No parece que los amarres den más seguridad. A medida que Alto va atando las endebles tablillas, sin dejar de temblar y tambalear de pasarela en pasarela, el andamio cobra peor aspecto, añadiendo el crujido de las viejas sogas y la cinta que apenas pega al de la madera y los clavos.

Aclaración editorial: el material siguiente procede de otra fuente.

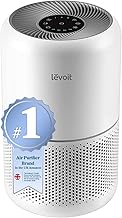 LEVOIT Core 300 Air Purifier - Best for Bedrooms and Allergies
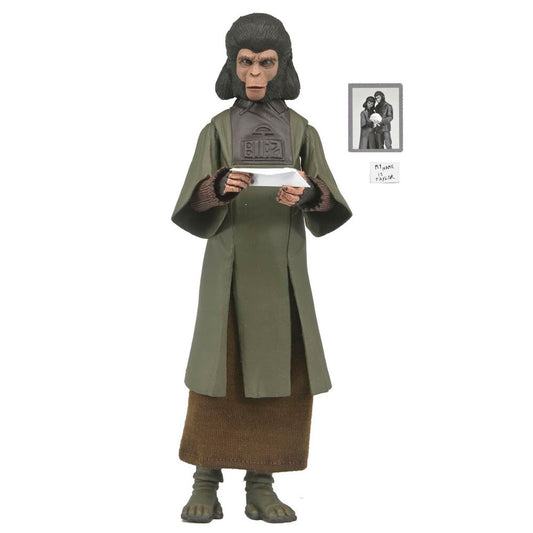 zira figure from planet of the apes 18cm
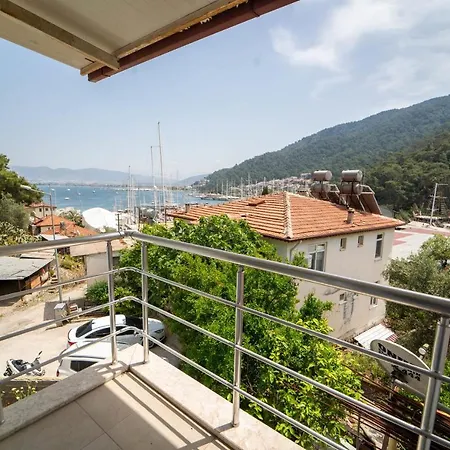 Holiday home Cozy House With Balcony And Mountain View In Fethiye Fethiye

—De todas formas… —dice rompiendo el silencio que durante media hora solo ha sido interrumpido por algún «cuidado» y «agárrese bien» ocasional—. Imagino que desde ahí dentro se podrá… No pienso volver a bajar por aquí… hábleme mientras acabo.
—¿Qué…?
—No sé… ¿qué opina de lo que cuenta Aguirre? Cada vez está más estropeado y aguanta menos pero… uy… pero hay… ¿Qué es eso de la conspiración?
—Siempre se habla de conspiraciones en el Destripador… es una… una obsesión. Yo no creo. Hay que ver quién es detrás…
—¿No está claro aún?
—Tenemos dos bandos. Dembow y contactos políticos que parecen llegar a Victoria, y ese Demonio, Dragón con sus maleotes…
—Maleantes.
Eso. Y luego está Tumblety con Jack, el que tenemos aquí. ¿Qué relación…?
—Ni idea. Y no… aquí, una última cuerda aquí y esto quedará seguro… ¿Qué iba a decirle…?
—No sé… ¿Tumblety?
—No. La novela. Esa que nos han dejado. Es de lo más inquietante.
—Parece que al final le entretiene a usted.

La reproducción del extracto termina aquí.